Holds a decoded PowerPC instruction.
Implementation note: because the PowerPC encoding is particularly straightforward,
only the operation has been decoded ahead of time; all other fields are decoded on-demand.
It would be possible to partition the ordering of Operations into user followed by supervisor,
eliminating the storage necessary for a flag, but it wouldn't save anything due to alignment.
*/
struct Instruction {
Operation operation = Operation::Undefined;
bool is_supervisor = false;
uint32_t opcode = 0;
Instruction() noexcept {}
Instruction(uint32_t opcode) noexcept : opcode(opcode) {}
Instruction(Operation operation, uint32_t opcode, bool is_supervisor = false) noexcept : operation(operation), is_supervisor(is_supervisor), opcode(opcode) {}
// Instruction fields are decoded below; naming is a compromise between
// Motorola's documentation and IBM's.
//
// I've dutifully implemented various synonyms with unique entry points,
// in order to capture that information here rather than thrusting it upon
// the reader of whatever implementation may follow.
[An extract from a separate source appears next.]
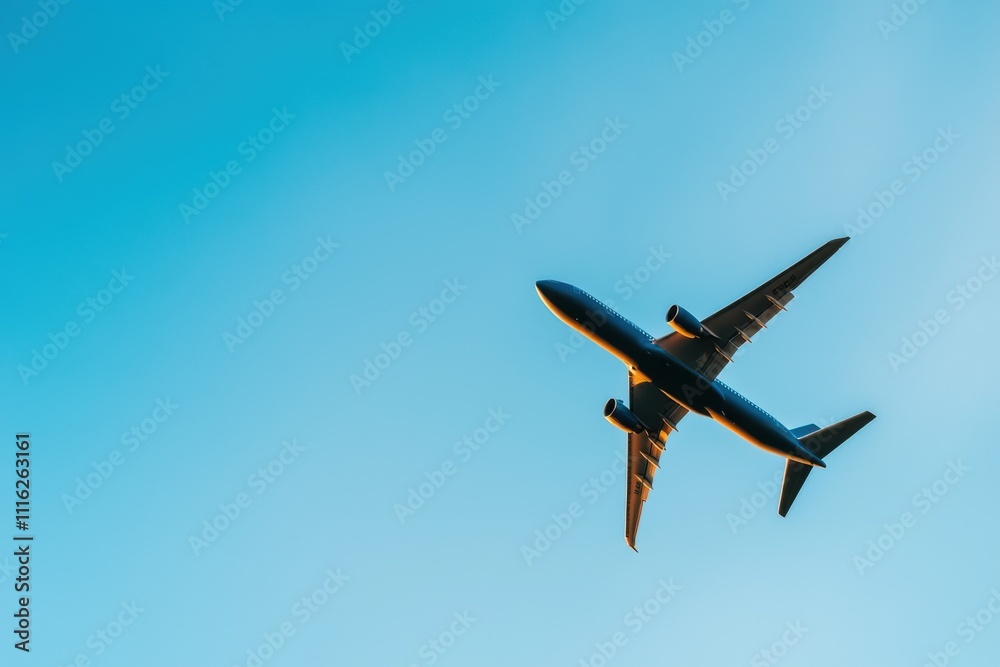 A passenger airplane flies against a clear blue sky, showcasing its silhouette in the sunlight. A passenger airplane flies against a clear blue sky, showcasing its silhouette in the sunlight.
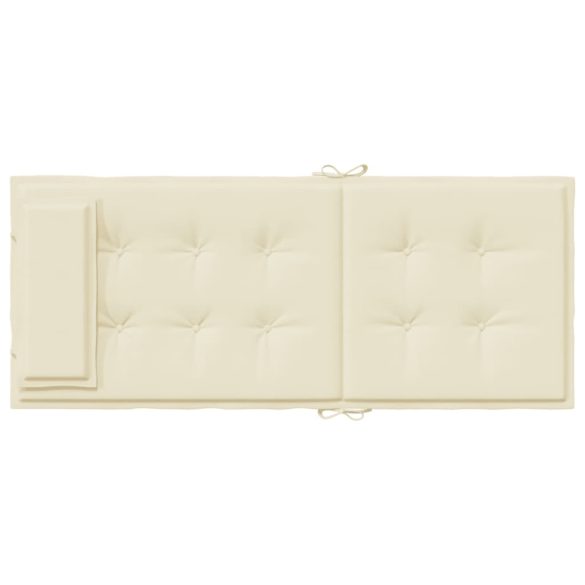 6 db krémszínű oxford-szövet magas háttámlájú székpárna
// Currently omitted: OPCD and XO, which I think are unnecessary given that
// full decoding has already occurred.
/// Immediate field used to specify an unsigned 16-bit integer.
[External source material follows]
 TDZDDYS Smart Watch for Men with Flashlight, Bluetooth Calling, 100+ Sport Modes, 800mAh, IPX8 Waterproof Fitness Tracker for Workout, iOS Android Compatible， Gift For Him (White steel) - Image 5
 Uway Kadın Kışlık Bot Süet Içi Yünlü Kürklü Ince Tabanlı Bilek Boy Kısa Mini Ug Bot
uint16_t uimm() const { return uint16_t(opcode & 0xffff); }
/// Immediate field used to specify a signed 16-bit integer.
int16_t simm() const { return int16_t(opcode & 0xffff); }
/// Immediate field used to specify a signed 16-bit integer.
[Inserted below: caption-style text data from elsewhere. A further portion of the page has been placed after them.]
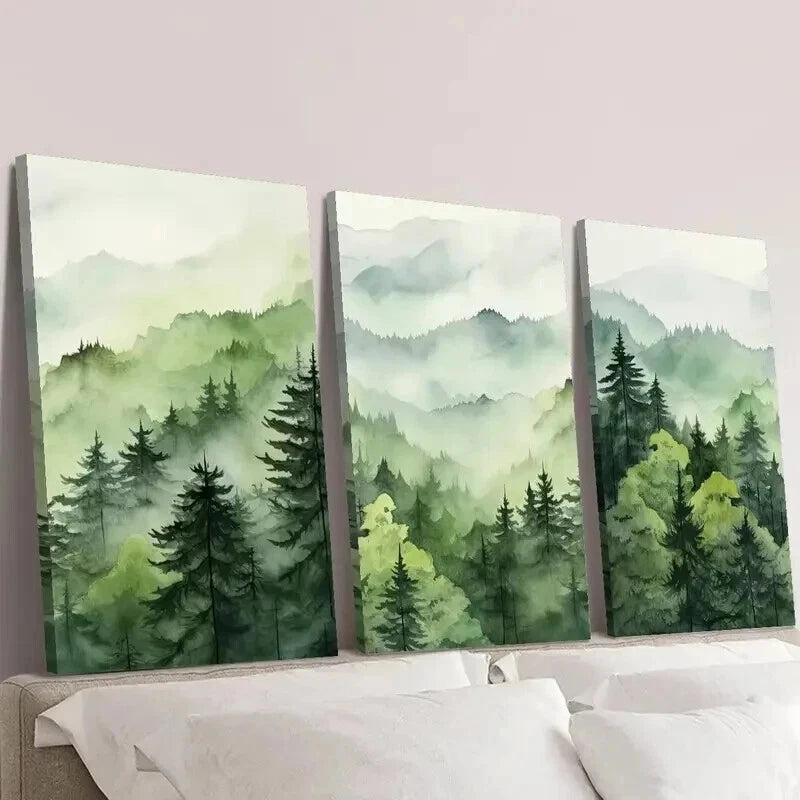 3pcs Misty Green Forest Natural Landscape Wall Art Set Canvas Framed 40x60cm - High Quality Print 100% Australian Made Wall Canvas Ready to Hang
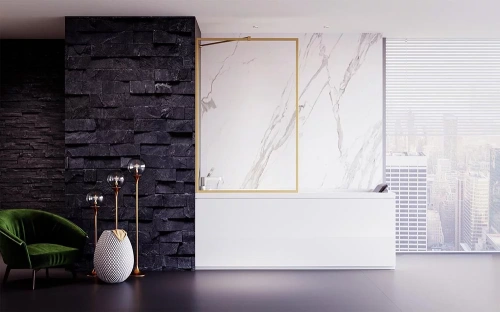 Душевая шторка на ванну Veconi Palau PL85G-90-01-C7 90х150 стекло прозрачное профиль золото брашированное ориентация универсальная Душевая шторка на ванну Veconi Palau PL85G-90-01-C7 90х150 стекло прозрачное профиль золото брашированное ориентация универсальная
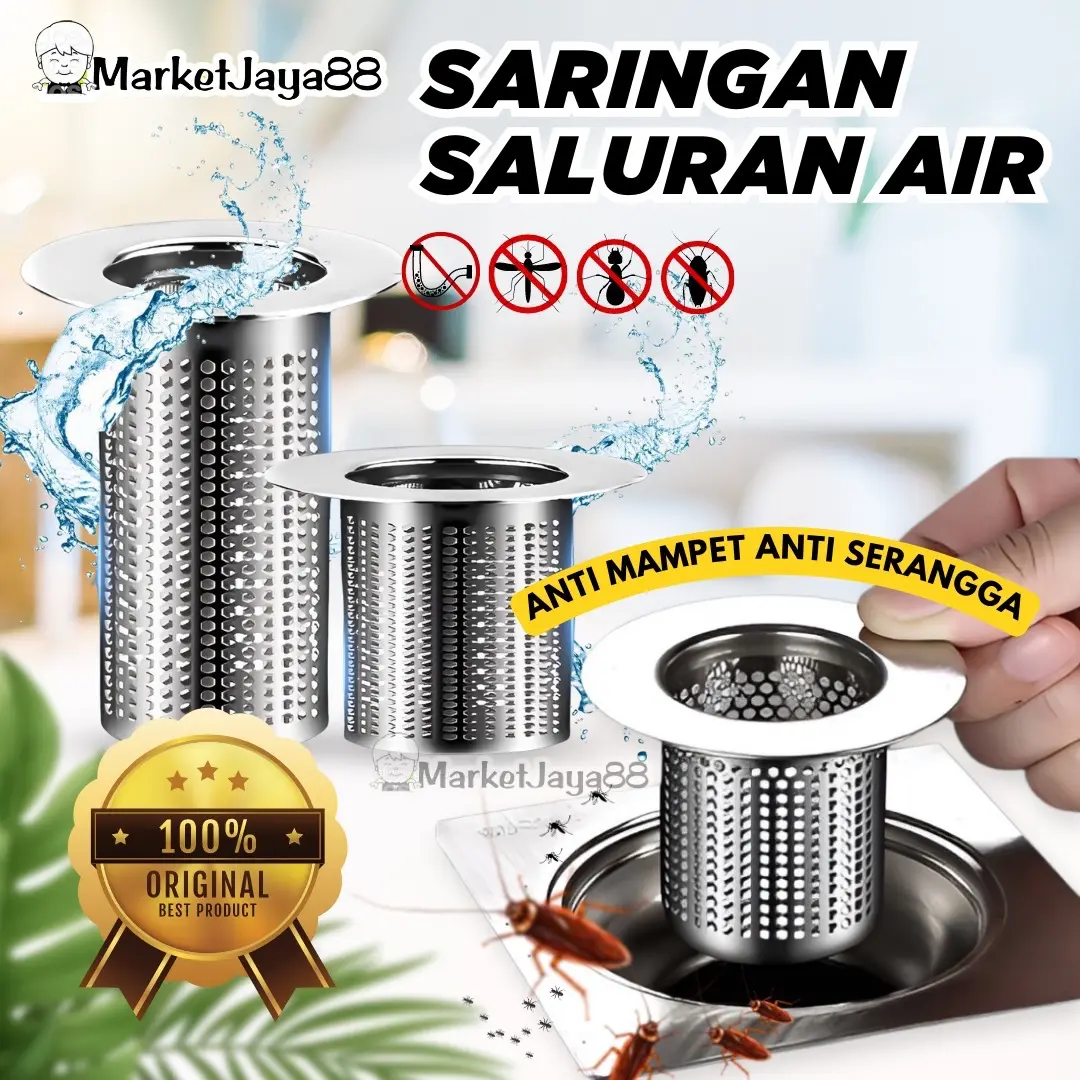 MJ88 Penutup Saluran Air Kamar Mandi 304 Stainless Steel Saringan Got kamar Mandi Anti Bau Saringan Kamar mandi Anti Rambut /Kecoa /Saringan Got kamar Mandi Stainless 304 Anti Kecoa Anti Mampet /Saringan Saluran Lantai Stainless Water Sink Filter Super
int16_t d() const { return int16_t(opcode & 0xffff); }
/// Immediate field used to specify a signed 14-bit integer [64-bit only].
int16_t ds() const { return int16_t(opcode & 0xfffc); }
/// Immediate field used as data to be placed into a field in the floating point status and condition register.
int32_t imm() const { return (opcode >> 12) & 0xf; }
/// Specifies the conditions on which to trap.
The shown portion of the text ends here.